• _Task description_
Below, some lines carry pictures; leave those pictures out and retype exactly the lines from the one with "Details of a" through the one with "Personalized children's canvas".
═════ Task material ═════
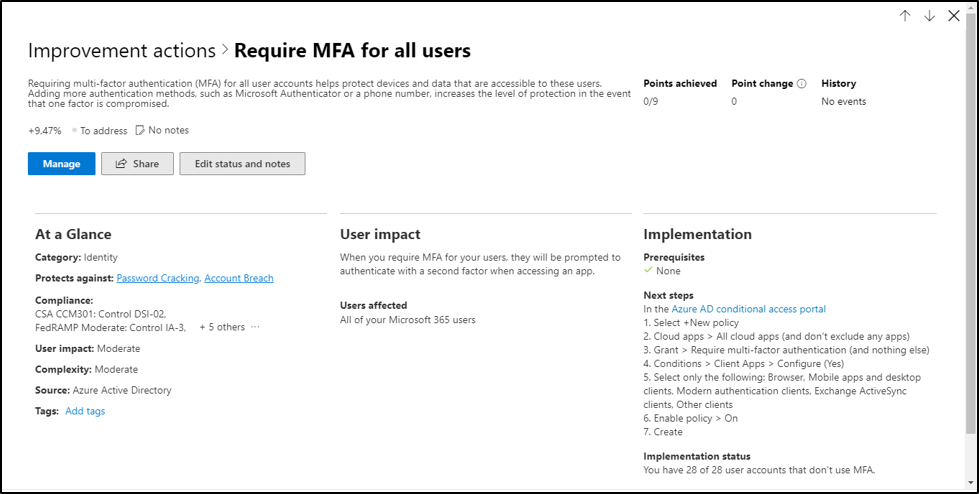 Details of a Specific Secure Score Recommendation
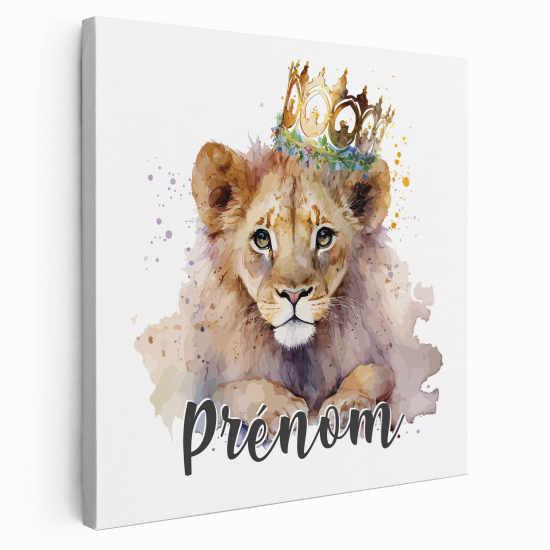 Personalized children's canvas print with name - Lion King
═════
═════ Task material ═════
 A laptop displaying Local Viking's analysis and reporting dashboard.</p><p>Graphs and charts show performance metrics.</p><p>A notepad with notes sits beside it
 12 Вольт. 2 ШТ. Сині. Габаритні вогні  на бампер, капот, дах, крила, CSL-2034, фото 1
═════
• _Task answer_
 Details of a Specific Secure Score Recommendation
 Personalized children's canvas print with name - Lion King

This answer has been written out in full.